Copy out the entries that follow exactly, leaving every picture behind.

Dataset entries
···

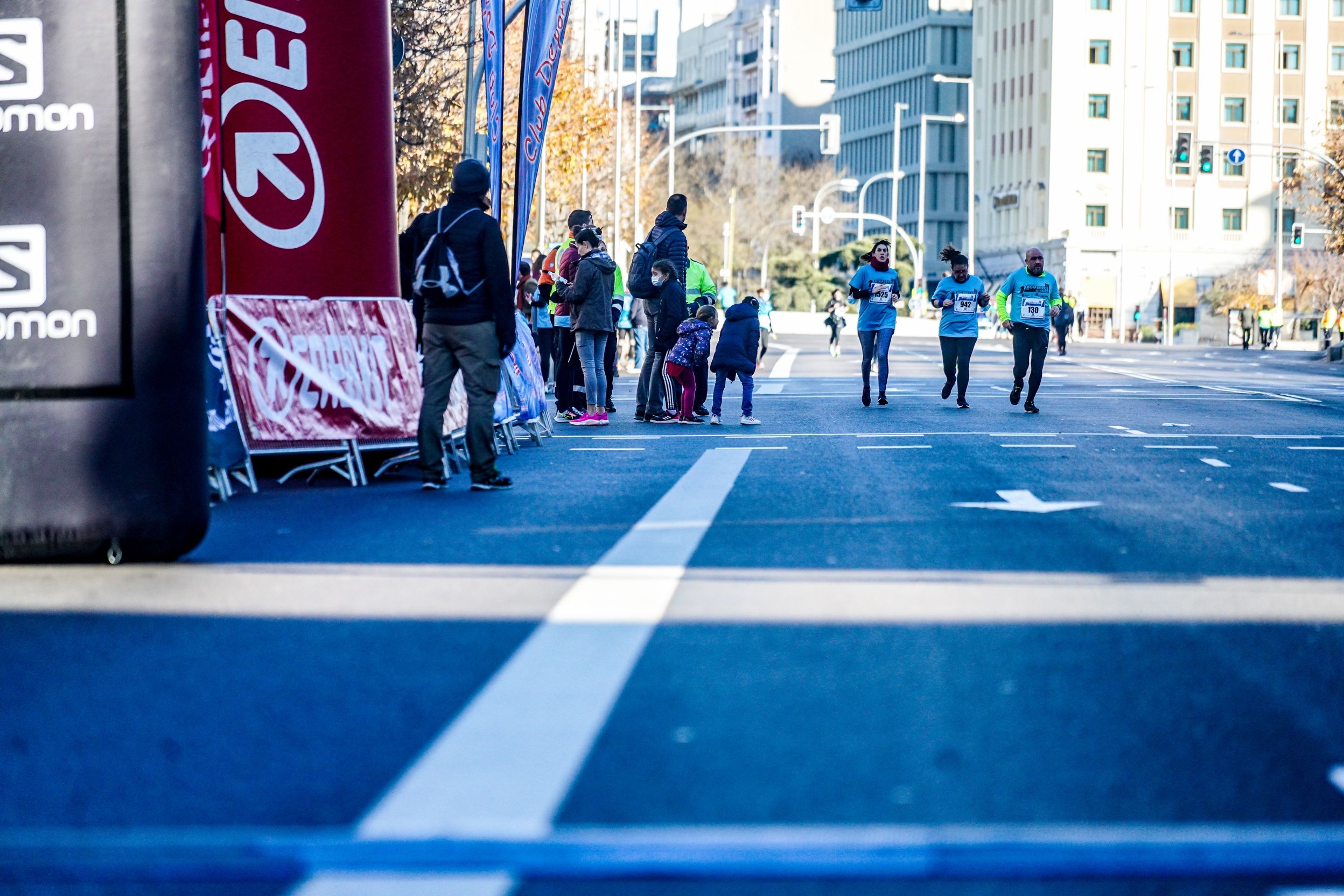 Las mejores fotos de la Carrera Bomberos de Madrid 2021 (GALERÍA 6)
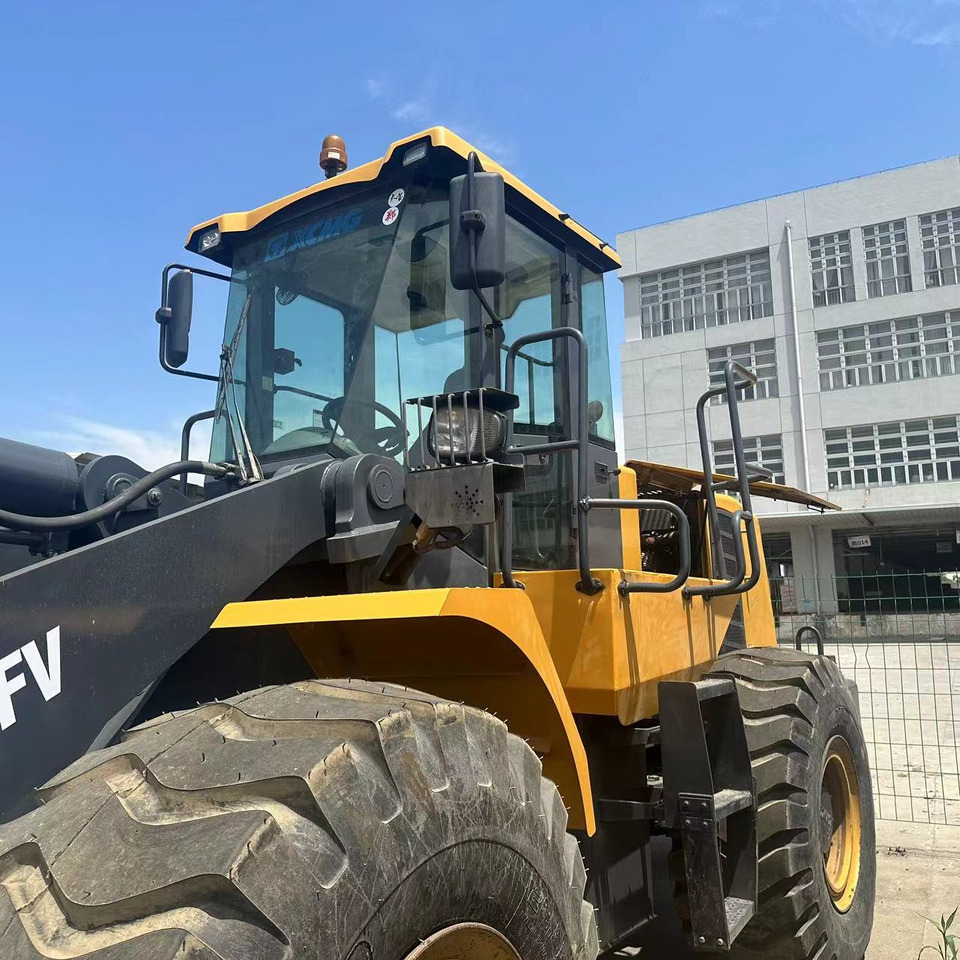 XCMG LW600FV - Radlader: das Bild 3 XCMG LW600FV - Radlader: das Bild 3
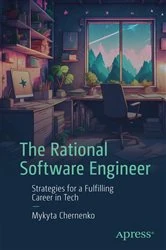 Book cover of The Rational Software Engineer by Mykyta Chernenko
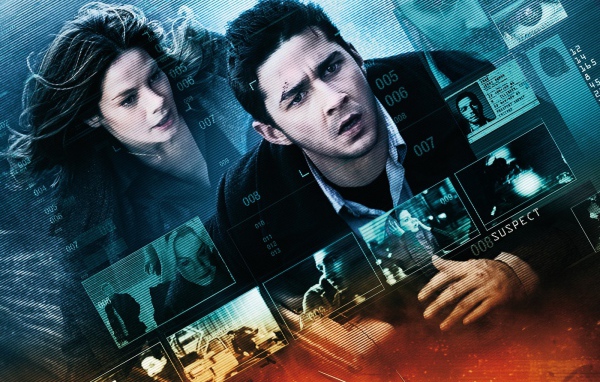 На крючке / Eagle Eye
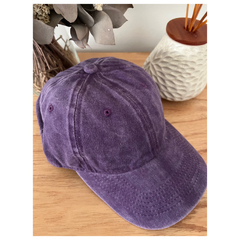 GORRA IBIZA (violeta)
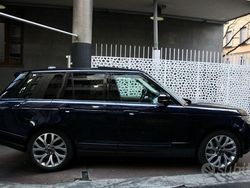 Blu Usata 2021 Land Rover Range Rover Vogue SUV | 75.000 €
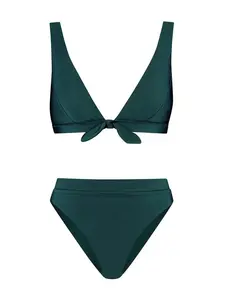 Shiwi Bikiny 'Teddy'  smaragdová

···

**Reply:**
 Las mejores fotos de la Carrera Bomberos de Madrid 2021 (GALERÍA 6)
 XCMG LW600FV - Radlader: das Bild 3 XCMG LW600FV - Radlader: das Bild 3
 Book cover of The Rational Software Engineer by Mykyta Chernenko
 На крючке / Eagle Eye
 GORRA IBIZA (violeta)
 Blu Usata 2021 Land Rover Range Rover Vogue SUV | 75.000 €
 Shiwi Bikiny 'Teddy'  smaragdová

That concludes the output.